Designed by acclaimed lodge architects, Silvio Rech and Lesley Carstens, the six villas at this new safari camp are bounded by the Luambimba and Luanginga rivers. Here, in the upper Zambezi flood plains, the seasonal deluge results in a sprinkling of woodland islands that make Liuwa Plain National Park a spectacular wilderness environment where the world’s second-largest wildebeest migration happens in October and November. The are also great herds of red lechwe and tessebe, zebra and buffalo, with impressive cheetah and wild dog numbers, and the reserve is known for unique animal sighting such as witnessing hyenas hunting in teams of up to 50 animals.
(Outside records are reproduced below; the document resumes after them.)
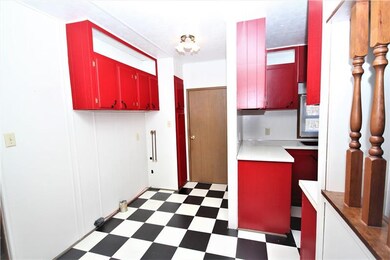 Laundry area off of kitchen, you can cook and do l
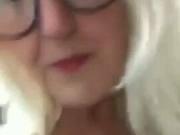 Granny in glasses squirts using anal plug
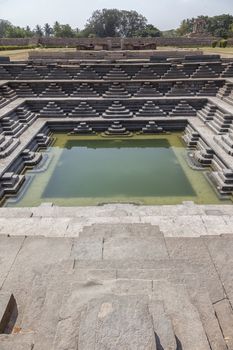 Stone water bath in Hampi temple complex in India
The lodge is only open April through July and late-October to December.

Miavana Island Sanctuary, Madagascar

Accessed by helicopter and set on a protected island, Miavana is Madagascar’s first ultra-luxury five star lodge. It’s on Nosy Ankao, the largest of a private five-island reef-enclosed archipelago off the mainland’s northeast coast. The sanctuary has 14 huge villas  – the smallest are 450 square metres – all with direct beach access, plus private pools and eco-friendly cooling systems. Villas are outfitted with snorkelling gear and there’s also reef and wreck scuba diving, plus guided turtle-, whale- and dolphin-watching, and kayak excursions, kite-surfing, and fishing (deep sea and fly). Half-an-hour by boat and you’re within the mainland’s Loky Manambato Protected Area where you’ll spot lemurs and rare golden-crowned sifakas on guided forest walks.

Hallmark House, Jo’burg

It’s all about urban views – and enjoying instant access to the spirit of rejuvenation and inner city buzz that’s made Maboneng the talk of the town in recent years. Occupying two floors of a 15-storey block built in the 1970s as a diamond-polishing centre, this 46-room hotel is modern and upbeat, with cool, funky urban interiors by  Malica Design. The building’s rejuvenation is by David Adjaye, whom Time magazine recently named the world’s most influential architect. The rest of the building is given over to residential apartments. Balconies afford tip-top city views, and down below lie Maboneng’s art galleries, weekend markets, theatre and independent cinema. The precinct is abuzz with inner city walking tours, café culture, boutiques, yoga studios, a brewery, and numerous restaurants, including one on the ground floor and – up on the roof – another, The Grande.